Without a Home eBook

Edward Payson Roe
This eBook from the Gutenberg Project consists of approximately 645 pages of information about Without a Home.

Without a Home eBook

Edward Payson Roe
This eBook from the Gutenberg Project consists of approximately 645 pages of information about Without a Home.

No principles are better known than the influences of soil, climate, darkness, and light upon a growing plant.  If the truth could be appreciated that circumstances color life and character just as surely, marring, distorting, dwarfing, or beautifying and developing, according as they are friendly or adverse, the workers in the moral vineyard, instead of trying to obtain fruit from sickly vines, whose roots grope in sterility, and whose foliage is poisoned, would bring the richness of opportunity to the soil and purify the social atmosphere.  Immature Belle, in spite of all the influences for good from her mother, her sister, and Roger, could scarcely reside where she did and grow pure and womanly.  She was daily compelled to see and hear too much that was coarse, evil, and debasing.

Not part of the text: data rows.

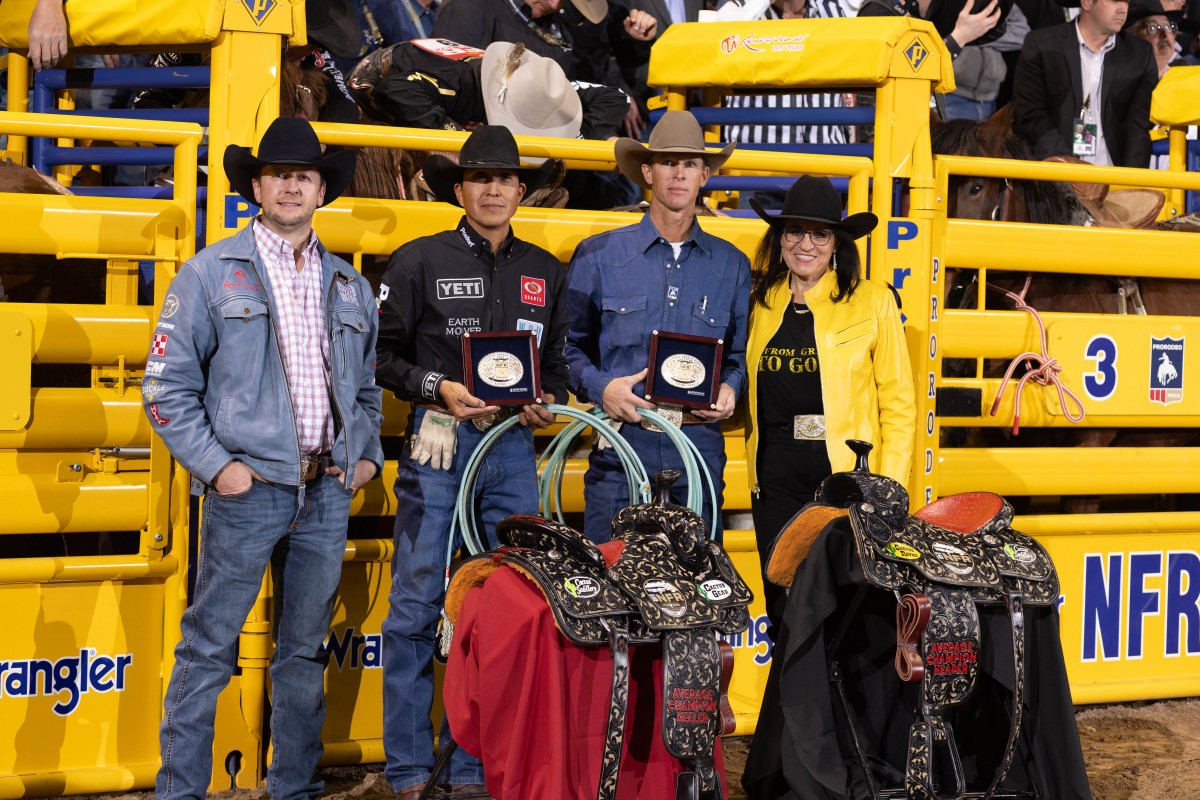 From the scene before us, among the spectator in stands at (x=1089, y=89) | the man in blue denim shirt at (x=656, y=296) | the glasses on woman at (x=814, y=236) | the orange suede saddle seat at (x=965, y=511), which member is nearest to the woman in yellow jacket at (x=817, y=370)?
the glasses on woman at (x=814, y=236)

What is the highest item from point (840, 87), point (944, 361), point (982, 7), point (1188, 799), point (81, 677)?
point (982, 7)

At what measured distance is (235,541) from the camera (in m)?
3.20

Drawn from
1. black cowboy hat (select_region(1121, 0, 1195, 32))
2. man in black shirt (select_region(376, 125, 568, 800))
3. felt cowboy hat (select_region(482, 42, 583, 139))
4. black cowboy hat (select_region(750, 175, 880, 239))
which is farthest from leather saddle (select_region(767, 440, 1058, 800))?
black cowboy hat (select_region(1121, 0, 1195, 32))

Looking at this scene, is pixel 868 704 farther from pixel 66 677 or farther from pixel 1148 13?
pixel 1148 13

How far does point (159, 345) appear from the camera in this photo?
312cm

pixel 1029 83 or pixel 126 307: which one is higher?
pixel 1029 83

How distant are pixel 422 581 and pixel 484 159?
1.30 metres

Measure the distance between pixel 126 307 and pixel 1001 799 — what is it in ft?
9.83

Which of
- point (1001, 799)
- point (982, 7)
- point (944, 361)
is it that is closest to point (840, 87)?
point (944, 361)

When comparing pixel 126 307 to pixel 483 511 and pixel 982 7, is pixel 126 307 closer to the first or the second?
pixel 483 511

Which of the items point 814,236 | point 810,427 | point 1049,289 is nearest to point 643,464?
point 810,427

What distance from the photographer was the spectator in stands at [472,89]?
454 cm

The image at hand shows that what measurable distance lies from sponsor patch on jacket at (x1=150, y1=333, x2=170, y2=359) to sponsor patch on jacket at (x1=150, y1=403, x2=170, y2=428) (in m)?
0.14

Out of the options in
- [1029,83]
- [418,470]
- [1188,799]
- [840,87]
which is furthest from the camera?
[1029,83]
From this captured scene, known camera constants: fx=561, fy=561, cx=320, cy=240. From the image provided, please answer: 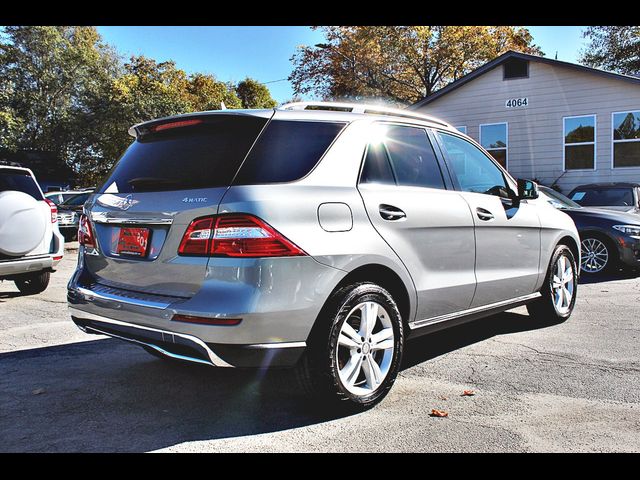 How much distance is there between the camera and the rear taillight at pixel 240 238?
2.88 meters

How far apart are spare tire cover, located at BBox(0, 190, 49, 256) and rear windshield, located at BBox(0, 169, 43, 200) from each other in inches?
8.6

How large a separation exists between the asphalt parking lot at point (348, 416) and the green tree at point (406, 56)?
30.6m

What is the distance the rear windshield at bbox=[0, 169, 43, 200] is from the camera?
23.4 ft

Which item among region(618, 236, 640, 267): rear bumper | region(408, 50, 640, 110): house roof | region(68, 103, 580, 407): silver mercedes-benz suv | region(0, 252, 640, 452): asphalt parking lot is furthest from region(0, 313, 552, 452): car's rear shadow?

She knew that Roger was a friend, and nothing more—­that his whole heart was absorbed in Mildred—­and her feminine nature, stimulated by the peculiarities of her lot, craved warmer attentions.  In her impoverished condition, and with her father’s character becoming generally known, such attentions would not naturally come from young men whom those who loved her best could welcome.  She was growing restless under restrictions, and her crowded, half-sheltered life was robbing her of womanly reserve.  These undermining influences worked slowly, imperceptibly, but none the less certainly, and she recognized the bold, evil admiration which followed her more and more unshrinkingly.

Mr. Jocelyn’s condition was no longer a secret, and he often, in common with other confirmed habitues, increased the effects of opium by a free use of liquor.  He therefore had practically ceased to be a protector to his daughters.  Fred and Minnie, in spite of all the broken-hearted and failing mother could do, were becoming little street Arabs, learning all too soon the evil of the world.

Since the revelation of her father’s condition Mildred had finally relinquished her class at the mission chapel.  Her sensitive spirit was so shadowed by his evil that she felt she would be speechless before children who might soon learn to associate her name with a vice that would seem to them as horrible as it was mysterious.  Bread and shelter she must obtain, but she was too fear-haunted, too conscious of the shame to which she was linked, to face the public on any occasion not connected with her daily toil.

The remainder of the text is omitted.